1 is an overall configuration diagram showing an embodiment of the present invention, and (1)-(5) and (15)-(18) are the same as those of the conventional apparatus (20a) (21a) (24a) (25a). Are the thyristor groups constituting the antiparallel thyristor for upward operation, (22b), (23b), (26b), and (27b) are the thyristor groups constituting the downward parallel antiparallel thyristor, (28c) (29c). ) Is a group of thyristors constituting the anti-parallel thyristors for three-phase / single-phase switching.

Next, the operation of this embodiment will be described in accordance with the above configuration.

When the car 1 is accelerated in the upward direction by the driving of the three-phase induction motor, the reverse parallel thyristors 20a, 21a, 24a and 25a for the upward operation and the reverse parallel thyristor 28c for the three-phase / single phase switching. The firing angle of the blade 29c is controlled by the firing circuit 8 to perform three-phase operation of the motor 5 to start the car 1.

Next, at the time of accelerating the downward movement of the car 1, the three-phase operation is performed by controlling the three-phase / single-phase switching of the anti-parallel thyristors 28c and 29c in the same manner, and by the firing circuit 18, The control of the firing angle of the thyristors is switched to the reverse parallel thyristors 22b, 23b, 26b, and 27b for the downward driving, and the phase change of the motor 5 is performed to switch the upward rotation direction. Start up.

In addition, in the upward deceleration operation of the car 1, the thyristor shown in Fig. 2a is formed by controlling the firing angles of the parts 20a, 23b, 25a, and 26b of the reverse parallel thyristor for the upward and downward driving. Then, DC current flowing through the motor 5 is controlled to apply DC braking to decelerate the car 1.
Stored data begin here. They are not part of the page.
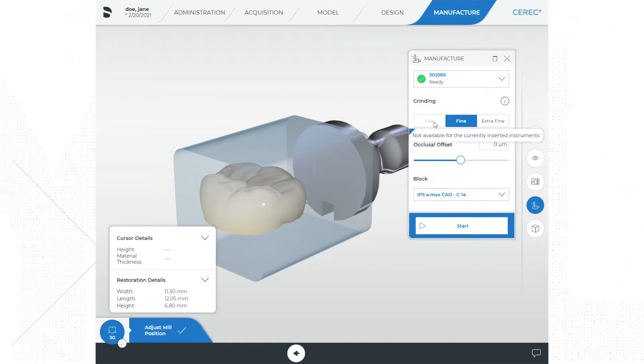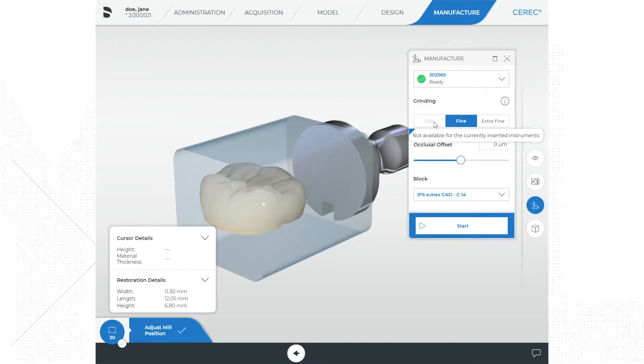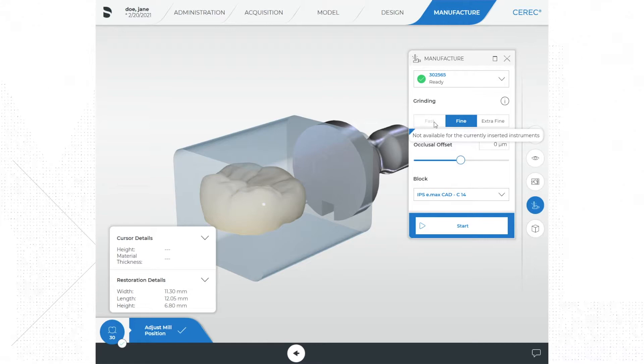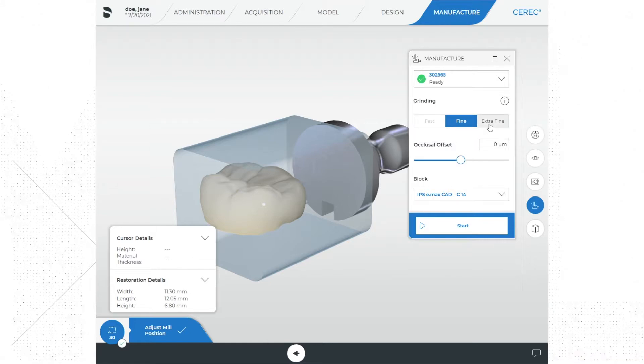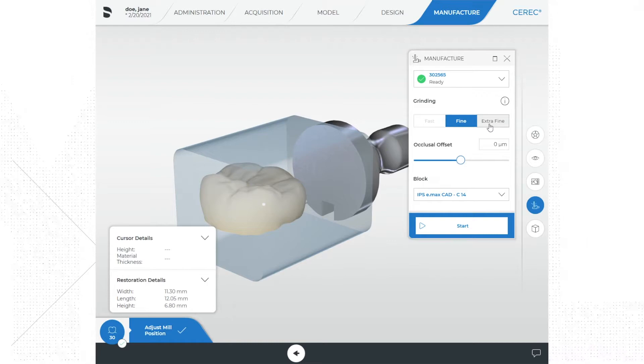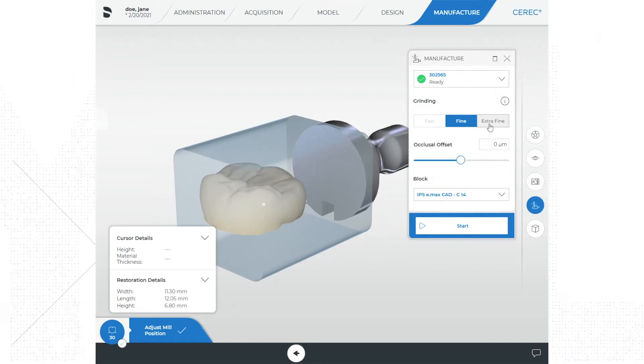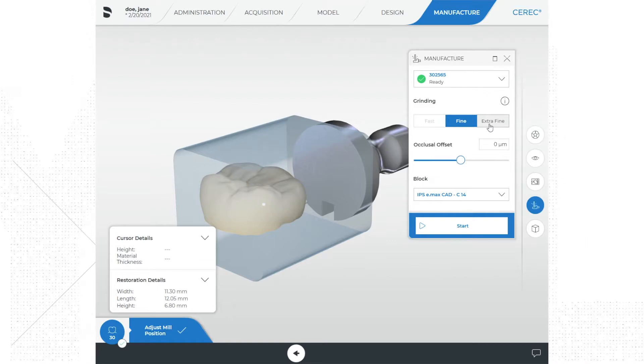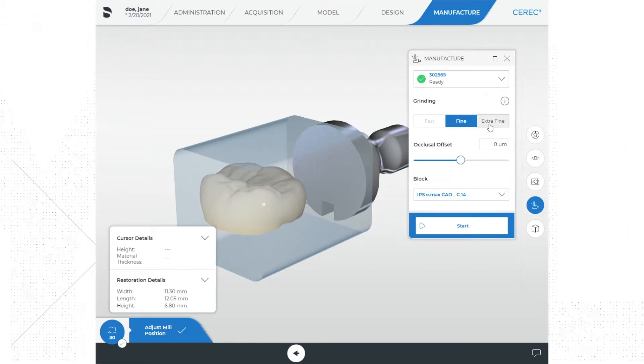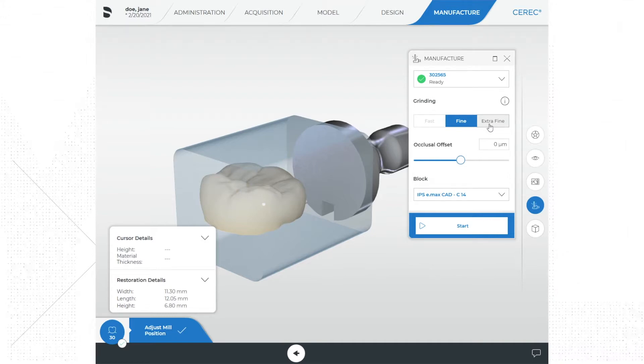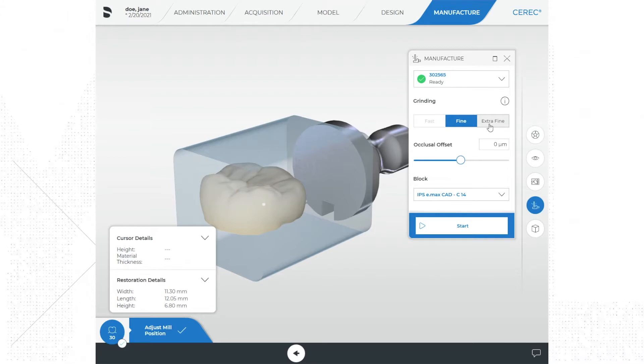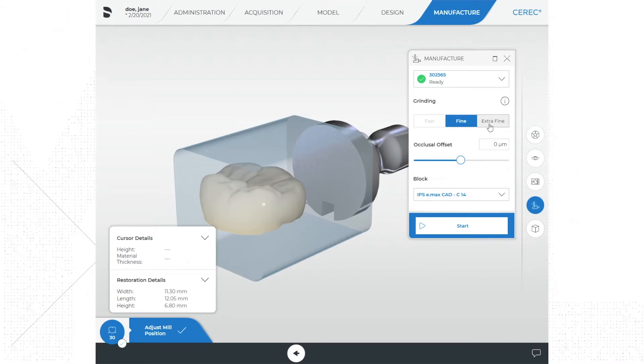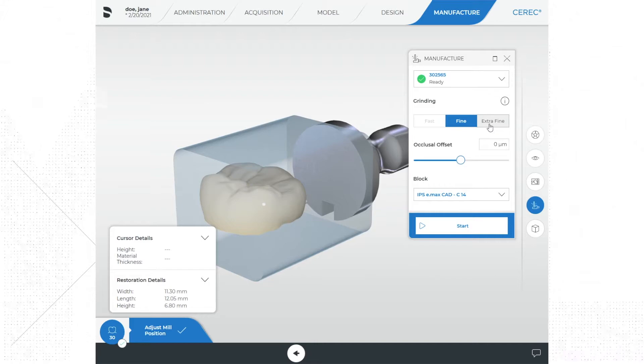The extra fine option is only available within the milling units that have four motors. This option uses both normal and extra fine grinding burrs in two separate processing steps and can provide deeper fissures, smoother occlusal surfaces, added stability on irregular margins, and very detailed embrasures on bridges. The machining times are double those with fine mode.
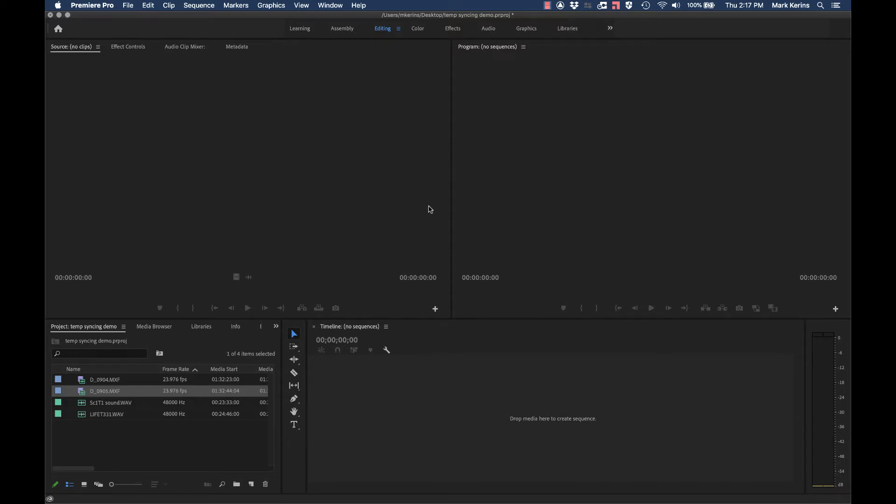Hey everyone, this is a tutorial that I wish no one would ever have to use, but occasionally problems happen on student films and mistakes get made, so it's here if you need it. This is walking through the process of dealing with footage that was accidentally shot in slow motion while you were on set.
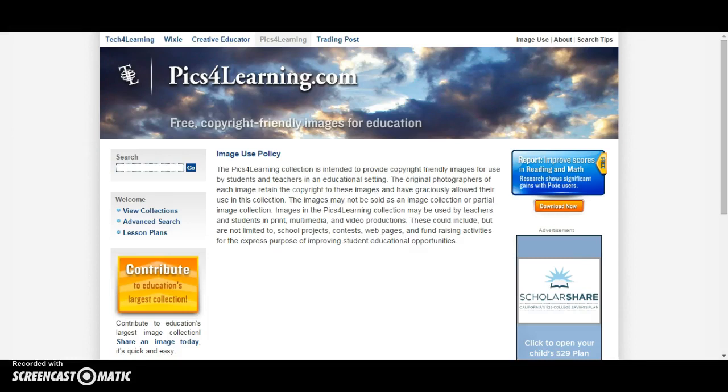Pix4Learning is a great website to use for school projects because they have free copyright-friendly images for education. Their image use policy is clearly stated, allowing you to use their images for school projects in print, multimedia, and video productions.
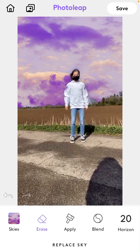Tap on the save icon at the top right corner. Okay, that's how to change the sky on your photo with the Photolip app. I hope this tutorial was helpful for you. Don't forget to click like, comment, share, and also subscribe. If you have any questions, please leave them in the comment section down below. Thank you.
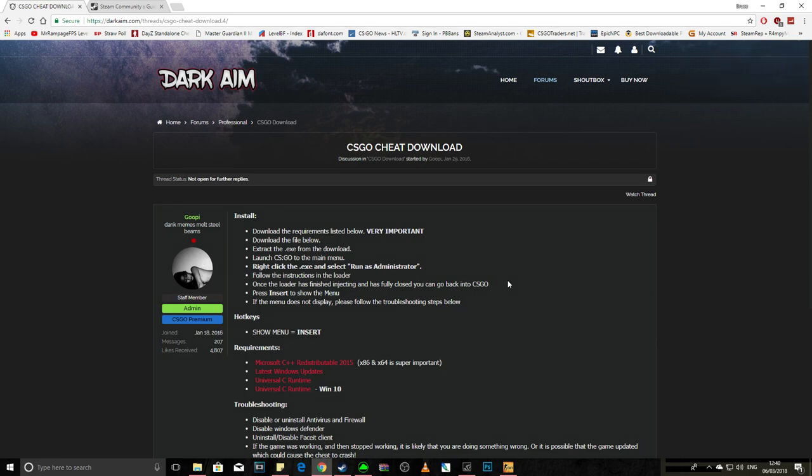What's up guys, Bruce here. Today I've got a new video showing you how to inject Dark Aim. I'll leave the description down below so you can go check them out. Really good cheat they have.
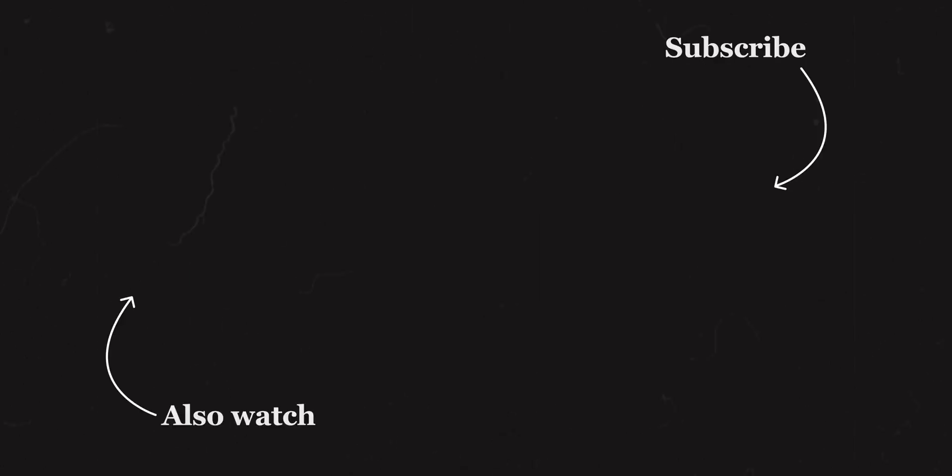So that is it for now. I hope that this video was helpful and if you did learn something out of it, feel free to show your support by liking this video, sharing it with your friends and maybe subscribing to the channel. Thank you so much for watching, keep creating and I will see you in the next one. Bye.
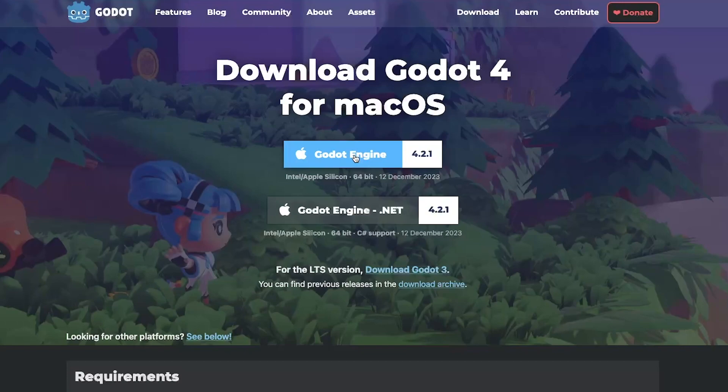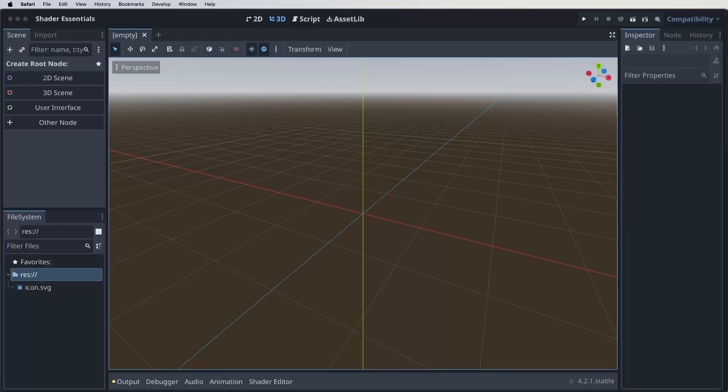We'll kick things off by setting up a project in Godot 4. Once our project is up and running, you will learn to navigate the Godot editor, set up 2D scenes and incorporate sprite 2D nodes.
Next, during the deceleration operation of the car 1, the firing angles of the parts 21a, 22b, 24a, and 27b of the antiparallel thyristor for the upward and downward operation are controlled as shown in FIG. The thyristor circuit shown in the figure is configured to control the direct current flowing in the motor 5 in the opposite direction as in the upward operation to apply the DC braking to decelerate the car 1.

3A shows the speed command signal.

Vpo is a speed signal when driving a car at the rated speed determined by the number of poles of the induction motor and the frequency of the power supply, and Vp1 drives the car at a speed that does not reach the rated speed when the distance from the start floor to the stop floor is short. This is the speed command signal.

When the speed command signal accelerates to the rated speed like Vpo, the induction motor is excited by three-phase alternating current until the reduction start point, and the machine energy is supplied to the power supply by igniting the thyristors where the motor generates braking force such as no load rise and full load. I'm coming back.

A point falling is to select a thyristor controlled by (+) (-) of the deviation signal Ve of the speed command signal Vp and the speed detection signal Vt to reverse or DC brake the induction motor.

On the other hand, if the motor is not accelerated to the rated speed as Vp1, the thyristor to be controlled by the positive signal (-) of the deviation signal between Vp and Vt is selected and the torque of the induction motor is selected as braking even in the constant speed operation. do.

Here, in the upward deceleration operation, the anti-parallel thyristors 26b and 25a in FIG. 2A do not carry out the firing phase control by the speed feedback control, and the half cycle of the AC power supply R, S is always energized. When the flywheel current flowing through the electric motor 5 flows through the thyristors 26b and 25a during the upward deceleration operation, the electric current can be smoothed and the boarding of the elevator The steel is good and the motor noise is reduced.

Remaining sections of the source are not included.